Der Verwaltungsrat ist für die Einhaltung der Meldepflicht verantwortlich und setzt sich bei Nichteinhaltung dem Vorwurf einer Pflichtverletzung und damit dem Risiko einer Verantwortlichkeitsklage aus. Die im ursprünglichen Gesetzesentwurf vorgesehenen Strafbestimmungen bei Verletzung der Meldepflicht durch den Aktionär oder bei nicht korrekter Führung der Verzeichnisse wurden im Verlauf der parlamentarischen Beratungen hingegen gestrichen.

Statt der Meldung an die Gesellschaft kann mit Beschluss der Generalversammlung alternativ die Meldung an einen Finanzintermediär (im Sinne des Geldwäschereigesetzes) vorgesehen werden, der wiederum der Gesellschaft Auskunft erteilen muss, für wie viele Inhaberaktien der Besitz gemeldet und nachgewiesen wurde (Art. 697k Abs. 1 revOR).

Diese neue Vorschrift gilt für alle nicht an der Börse kotierten Gesellschaften. Es gibt – anders als im Börsengesetz (BEHG) – keine Unterschwelle für die Meldung. Auch der Erwerb einer einzelnen Inhaberaktie muss gemeldet werden. Eine Ausnahme von der Meldepflicht besteht nur dann, wenn die betreffenden Inhaberaktien als Bucheffekten ausgestaltet sind (Art. 697i Abs. 4 revOR), die Gesellschaft eine Verwahrungsstelle in der Schweiz bezeichnet und die Inhaberaktien bei dieser hinterlegt werden.

3. Meldepflicht für qualifizierte Beteiligungen

Ab einem Grenzwert von 25% des Aktienkapitals oder der Stimmrechte gilt zudem neu die Pflicht, der Gesellschaft den wirtschaftlich Berechtigten der Beteiligung zu melden (Art. 697j revOR). Diese Vorschrift gilt nicht nur für Inhaber-, sondern auch für Namenaktien. Die Meldung des wirtschaftlich Berechtigten dürfte vor allem bei mehrstufigen Beteiligungsverhältnissen zu gewissen Schwierigkeiten in der Praxis führen. Die Meldepflicht gilt wiederum nicht, wenn die Aktien als Bucheffekten ausgestaltet sind und eine Verwahrungsstelle in der Schweiz bezeichnet ist. Ebenfalls möglich ist es, die Meldung an einen Finanzintermediär vorzusehen.

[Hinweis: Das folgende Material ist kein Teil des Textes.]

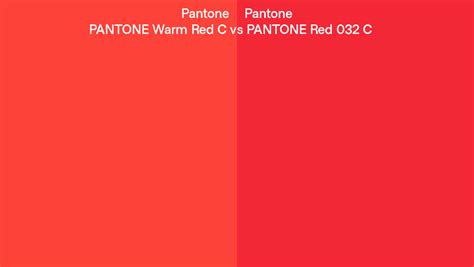 Pantone Warm Red C Vs Pantone Red 032 C Side By Side Comparison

4. Bedeutung und Handlungsbedarf

In der Schweiz dürften schätzungsweise ca. 50'000 Gesellschaften von den revidierten OR Bestimmungen betroffen sein. Diese Gesellschaften müssen neu u.a. ein Verzeichnis der Erwerber der Inhaberaktien führen (Art. 697l OR). Weiter müssen Statuten und Reglemente der Gesellschaften, die mit dem neuen Recht in Widerspruch stehen, innert längstens zwei Jahren nach Inkrafttreten der revidierten Bestimmungen angepasst werden. Es besteht also für viele Gesellschaften – gerade auch für KMU – Handlungsbedarf.